MM. les syndics des états du pays, les curés de mes terres, un juge civil, un supérieur de maison religieuse, étant un jour chez moi, et étant indignés des calomnies qu’on croyait alors répandues par le curé Ancian, pour prix de l’avoir tiré des mains de la justice, me signèrent un certificat qui détruisait ces impostures (3).
J’ai l’honneur de vous envoyer cette pièce authentique, conforme à l’original. J’en envoie une autre copie à M. le premier président du parlement de Bourgogne, et à M. le procureur général, afin de prévenir l’effet des manœuvres qui auraient pu surprendre votre candeur et votre équité. Vous verrez combien il est faux que les devoirs dont il est question n’aient été remplis que cette année. Vous serez indigné, sans doute, qu’on ait osé vous en imposer si grossièrement.
Je pardonne de tout mon cœur à ceux qui ont osé ourdir cette trame odieuse. Je me borne à les empêcher de nuire, sans vouloir leur nuire jamais, et je vous réponds bien que la paix, qui est mon perpétuel objet, n’en sera point altérée dans mes terres.

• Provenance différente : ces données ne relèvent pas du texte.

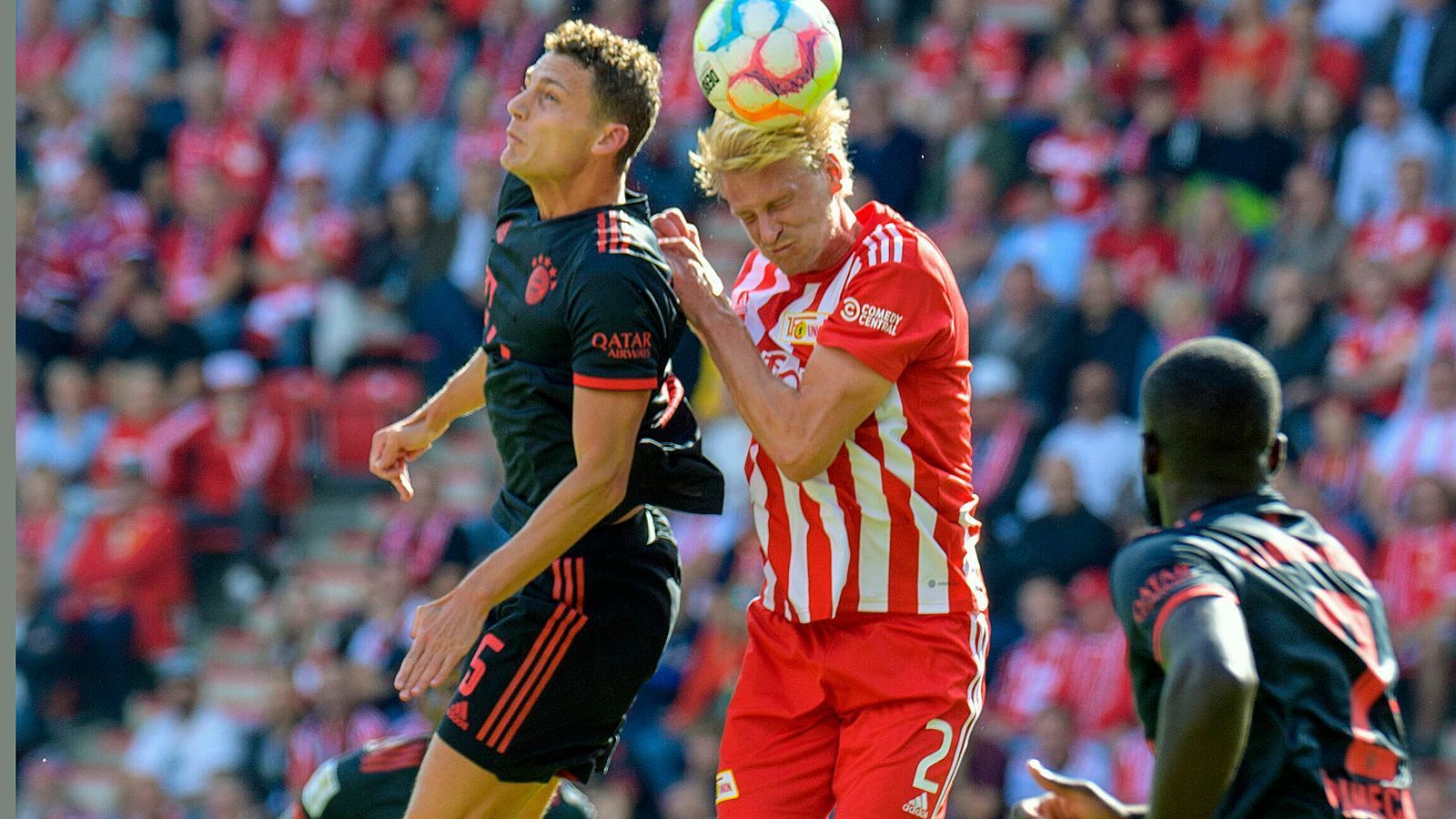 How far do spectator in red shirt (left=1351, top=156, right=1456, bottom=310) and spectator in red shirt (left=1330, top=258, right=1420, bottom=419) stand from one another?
146 mm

Les bagatelles littéraires n’ont aucun rapport avec les devoirs du citoyen et du chrétien ; les belles-lettres ne sont qu’un amusement. La bienfaisance, la piété solide et non superstitieuse, l’amour du prochain, la résignation à Dieu, doivent être les principales occupations de tout homme qui pense sérieusement. Je tâche, autant que je puis, de remplir toutes ces obligations dans ma retraite, que je rends tous les jours plus profonde. Mais ma faiblesse répondant mal à mes efforts, je m’anéantis encore une fois, avec vous, devant la Providence divine, sachant qu’on n’apporte devant Dieu que trois choses qui ne peuvent entrer dans son immensité, notre néant, nos fautes, et notre repentir.
Je me recommande à vos prières autant qu’à votre équité. J’ai l’honneur d’être avec respect, etc.

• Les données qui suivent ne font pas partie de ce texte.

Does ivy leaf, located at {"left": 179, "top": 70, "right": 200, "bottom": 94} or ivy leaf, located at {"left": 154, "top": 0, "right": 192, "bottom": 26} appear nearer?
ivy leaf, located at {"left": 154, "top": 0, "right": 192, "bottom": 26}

1 – Le prêtre avait répliqué le 26 Avril. (G.A.)
2 – Voyez la lettre à d’Argental du 22 Avril. (G.A.)
3 – Copie authentique de l’attestation des états du pays de Gex, signée par le notaire Raffoz, le 28 avril 1765, contrôlée à Gex le même jour, signée LACHAUX.

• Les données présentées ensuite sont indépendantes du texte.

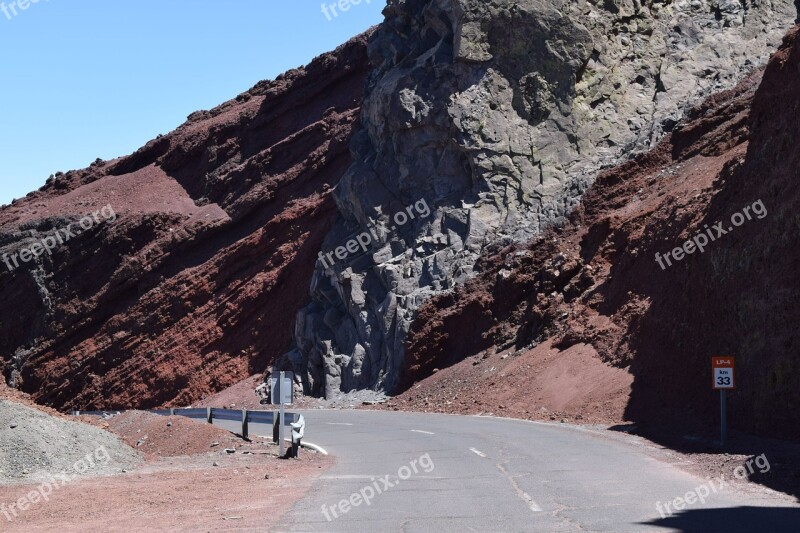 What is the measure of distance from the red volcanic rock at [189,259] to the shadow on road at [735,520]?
3980 cm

Nous soussignés certifions que M de Voltaire, gentilhomme ordinaire de la chambre du roi, seigneur de Ferney et Tournay, au pays de Gex, près de Genève, a non seulement rempli les devoirs de la religion catholique dans la paroisse de Ferney, où il réside, mais qu’il a fait bâtir et orner l’église à ses dépens ; qu’il a entretenu un maître d’école ; qu’il a défriché à ses frais les terres incultes de plusieurs habitants ; a mis ceux qui n’avaient point de charrue en état d’en avoir, leur a bâti des maisons, leur a concédé des terrains, et que Ferney est aujourd’hui plus peuplé du double qu’il ne l’était avant qu’il en prît possession ; qu’il n’a refusé ses secours à aucun des habitants du voisinage. Requis de rendre de témoignage, nous le donnons comme la plus exacte vérité. Signé : GROS, curé ; SAUVAGE DE VERNY, syndic de la noblesse ; FABRY, premier syndic général et subdélégué de l’intendance ; CHRISTIN, avocat ; DAVID, prieur des carmes ; ADAM, prêtre, et FOURNIER, curé.